**Saved entries**
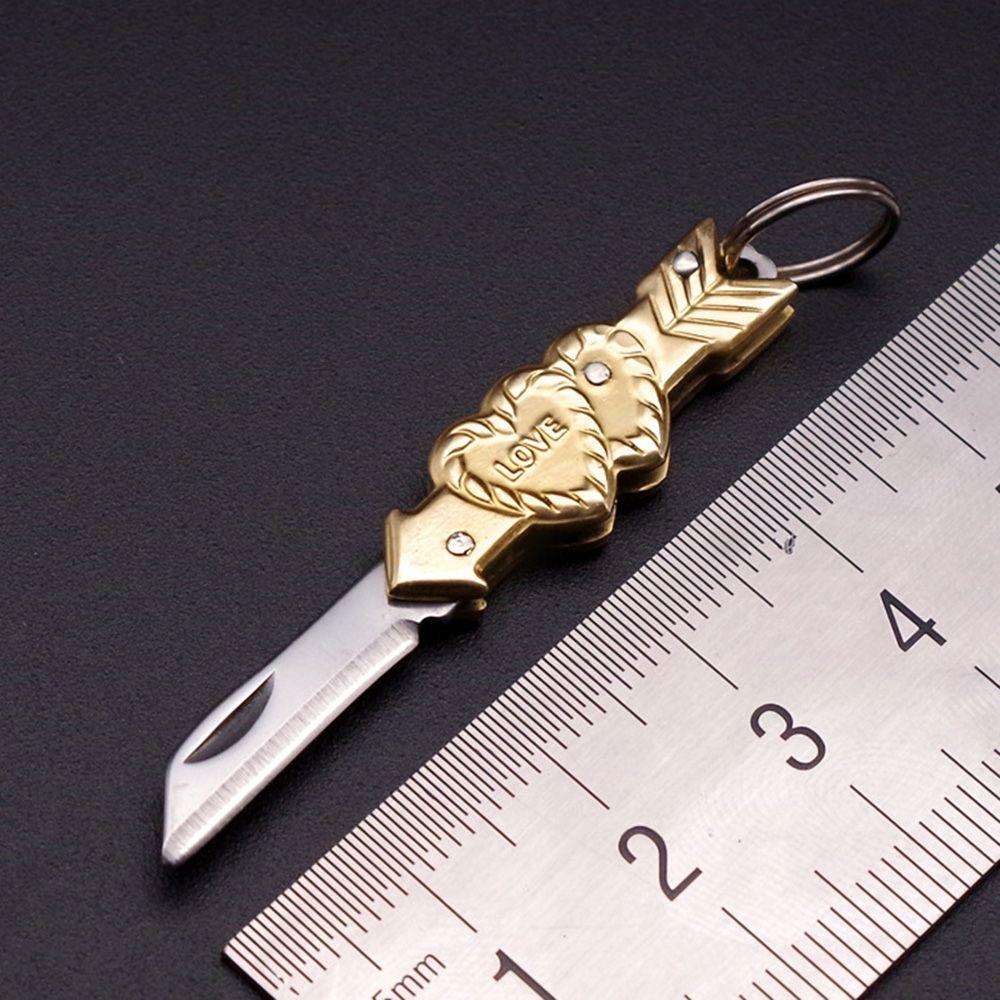 Stahl Schule Bürobedarf Papier Messer Haut-Schäler Keychain Multifunktions Mini Klappmesser 3 von Joom DACH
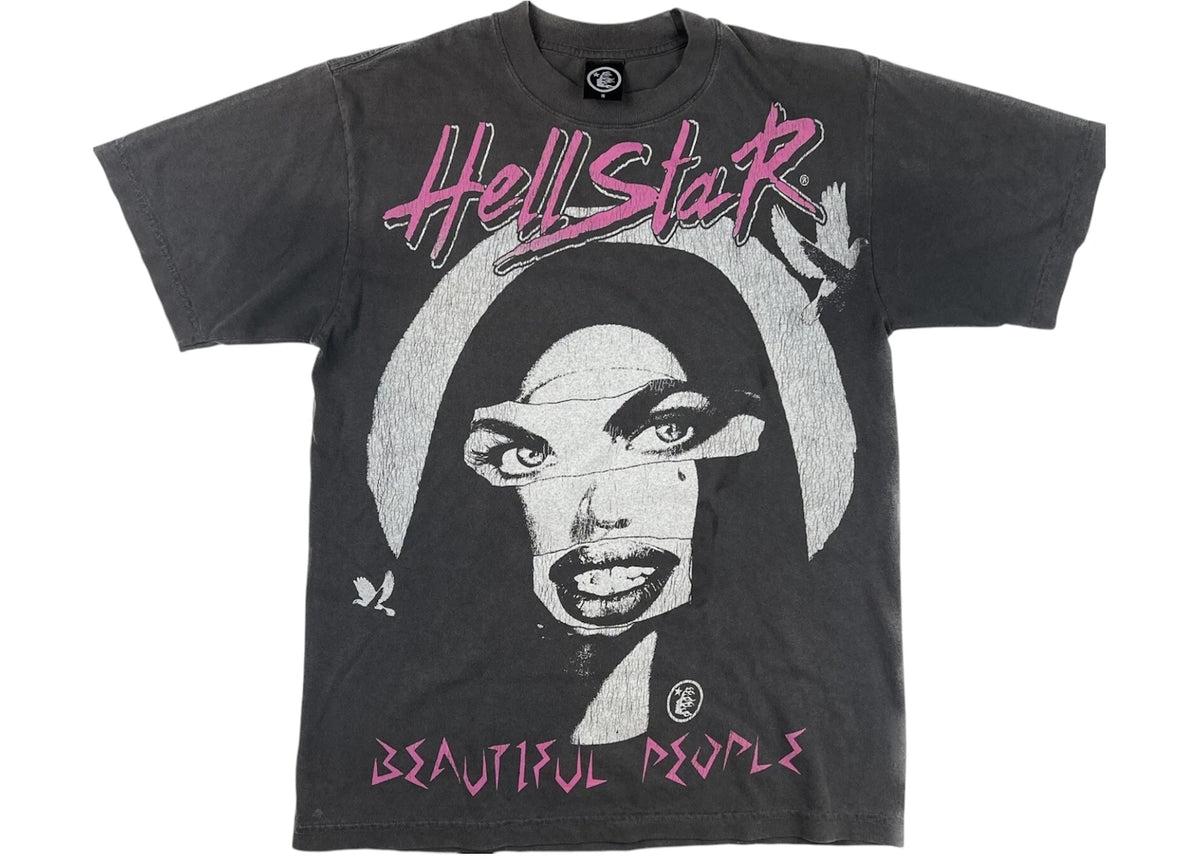 Hellstar Beautiful People T-shirt Black - vue 360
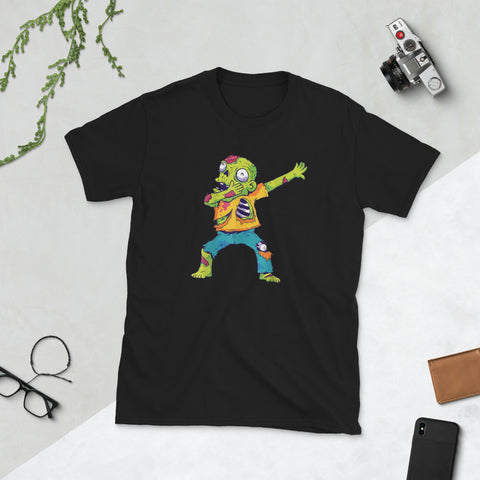 Image of Dabbing Zombie Halloween Dab Zombie Short-Sleeve Unisex T-Shirt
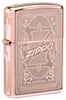 Reimagine Zippo Design High Polish Rose Gold Windproof Lighter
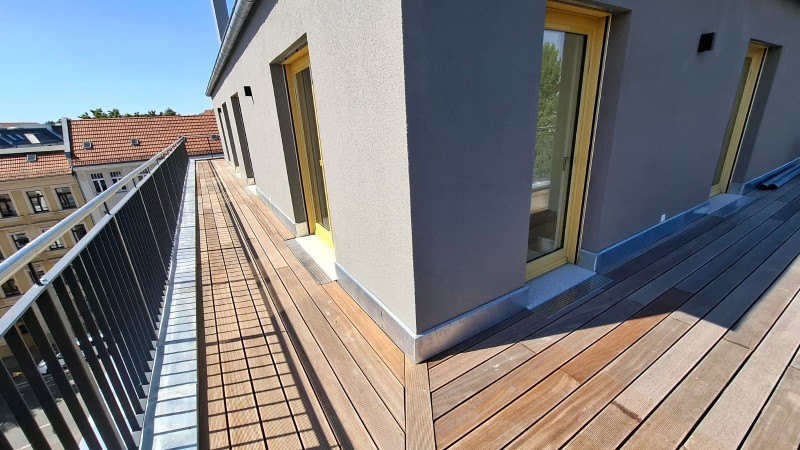 Traum-DG-Wohnung im Neubau in der Sternburgbrauerei Lützschena mit Terrasse, Fußbodenheizung! - Foto 5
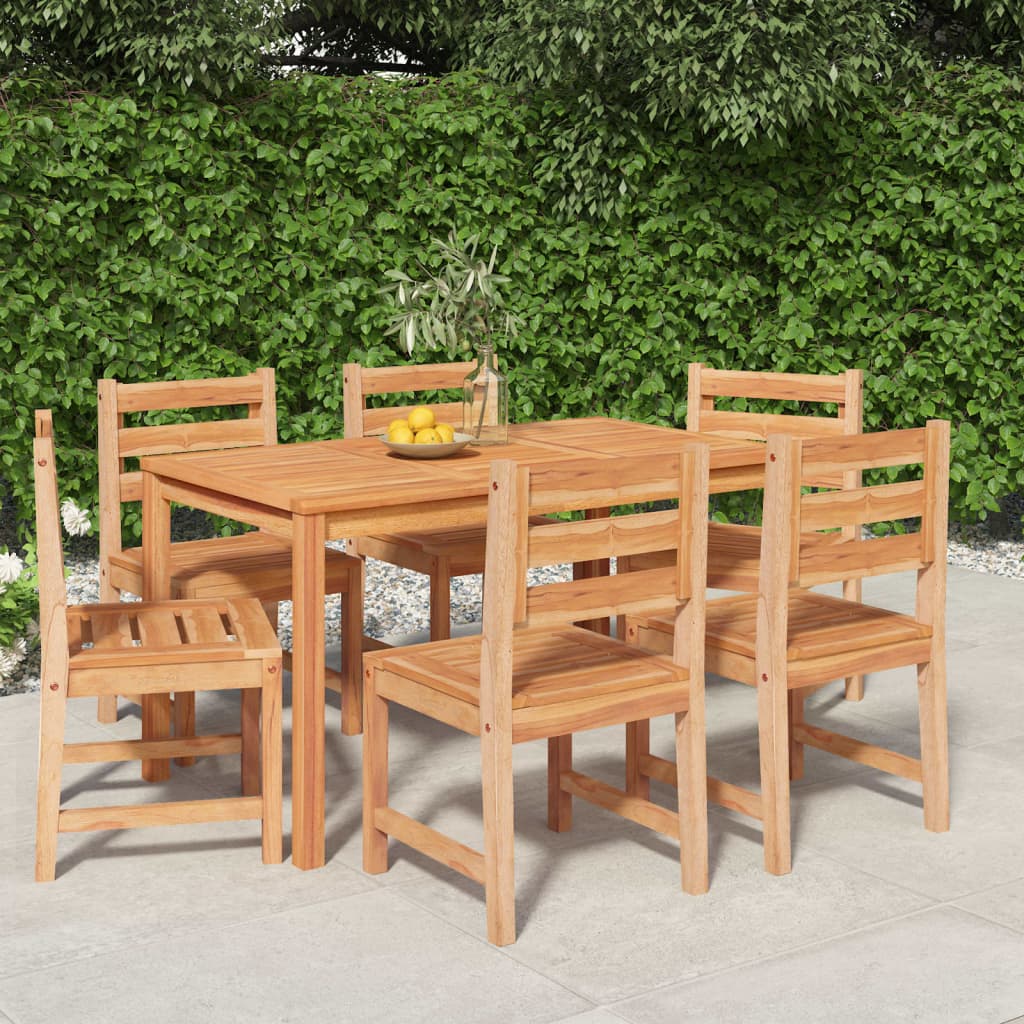 7 Piece Garden Dining Set Solid Wood Teak - Sid & Sam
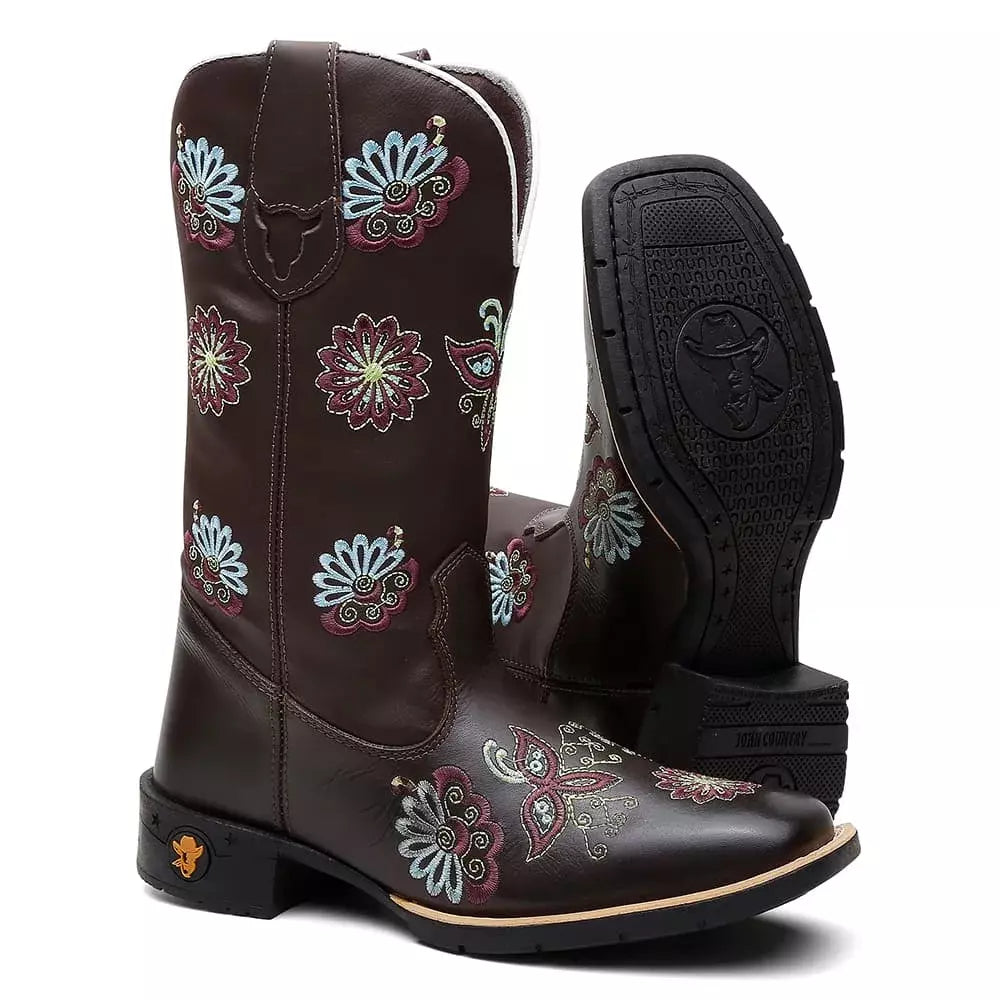 Bota Texana Feminina "Mandala Azul" - foto 2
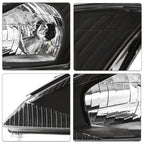 Halogen Headlight Assembly Fit for 2000-2004 Ford Focus W/Bulbs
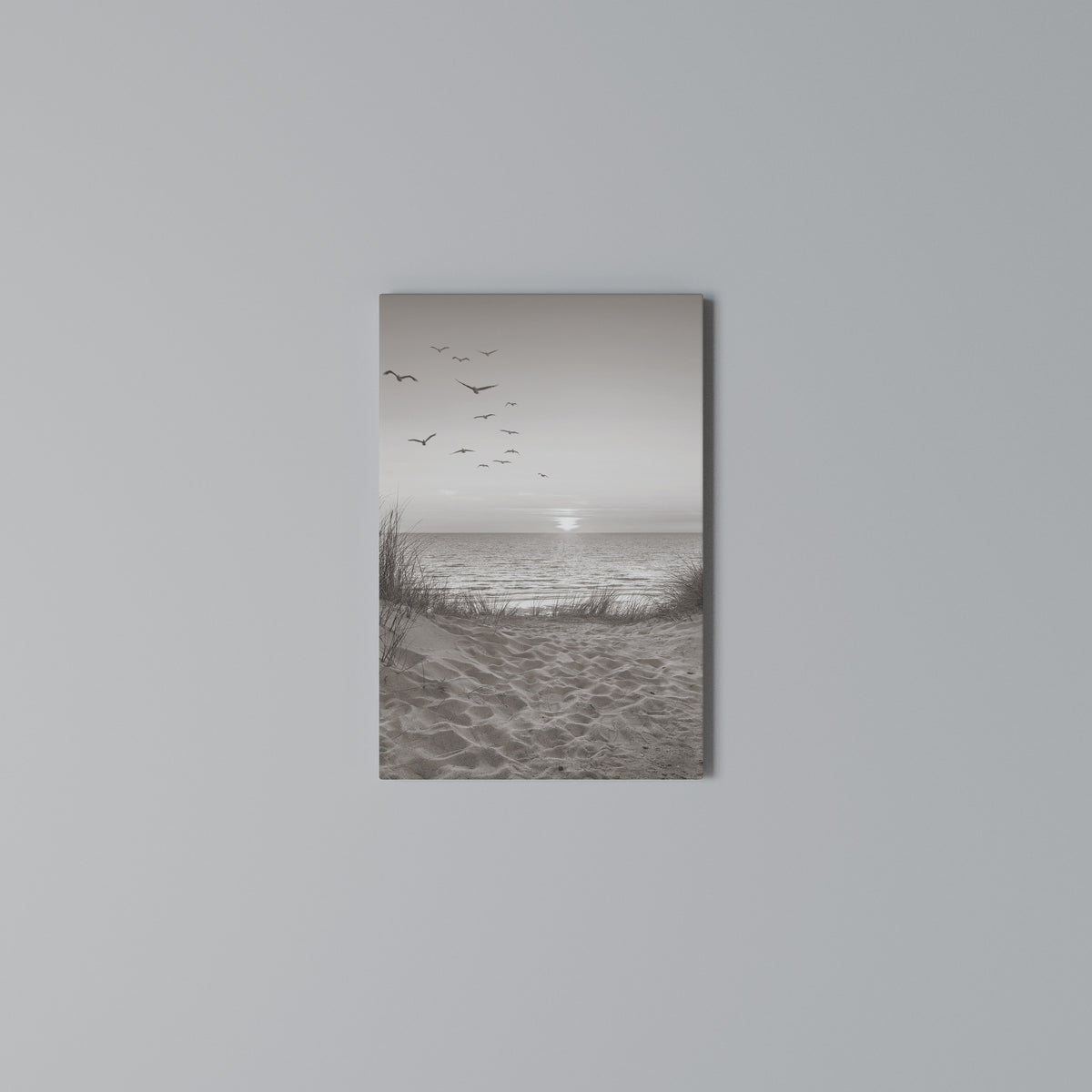 TIMELESS SEASCAPE Vertical Canvas Print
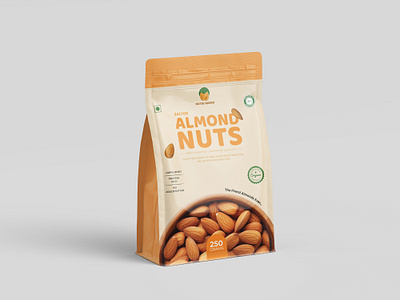 Premium Nut Pouch Packaging — Almond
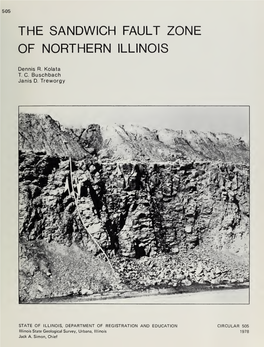 The Sandwich Fault Zone of Northern Illinois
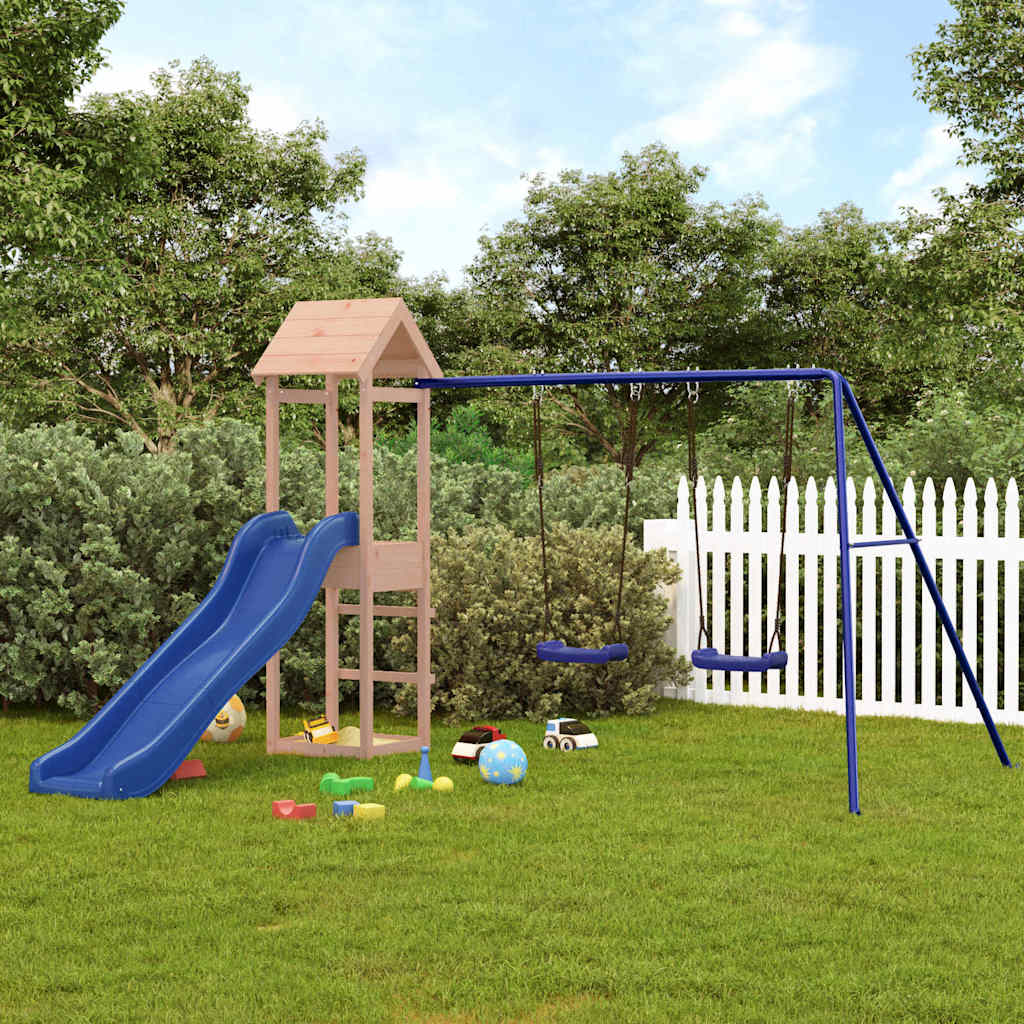 Vetonek Parque infantil de exterior madera maciza Douglas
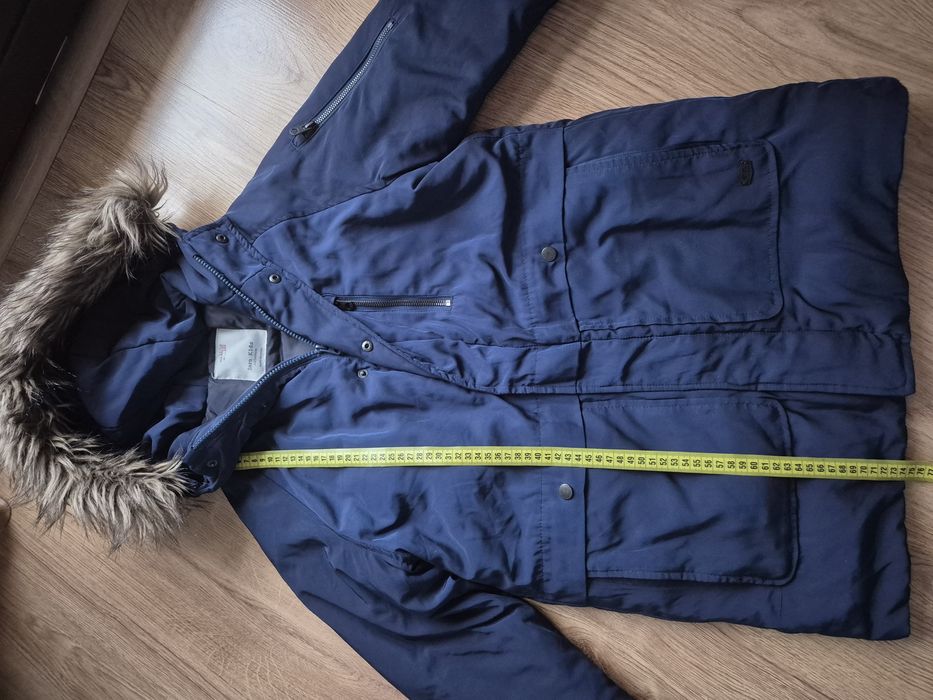 Chłopięca zimowa kurtka parka ZARA 152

**What is expected**
Leaving the pictures out, reproduce the entries above exactly.

**Task solution**
 Stahl Schule Bürobedarf Papier Messer Haut-Schäler Keychain Multifunktions Mini Klappmesser 3 von Joom DACH
 Hellstar Beautiful People T-shirt Black - vue 360
 Image of Dabbing Zombie Halloween Dab Zombie Short-Sleeve Unisex T-Shirt
 Reimagine Zippo Design High Polish Rose Gold Windproof Lighter
 Traum-DG-Wohnung im Neubau in der Sternburgbrauerei Lützschena mit Terrasse, Fußbodenheizung! - Foto 5
 7 Piece Garden Dining Set Solid Wood Teak - Sid & Sam
 Bota Texana Feminina "Mandala Azul" - foto 2
 Halogen Headlight Assembly Fit for 2000-2004 Ford Focus W/Bulbs
 TIMELESS SEASCAPE Vertical Canvas Print
 Premium Nut Pouch Packaging — Almond
 The Sandwich Fault Zone of Northern Illinois
 Vetonek Parque infantil de exterior madera maciza Douglas
 Chłopięca zimowa kurtka parka ZARA 152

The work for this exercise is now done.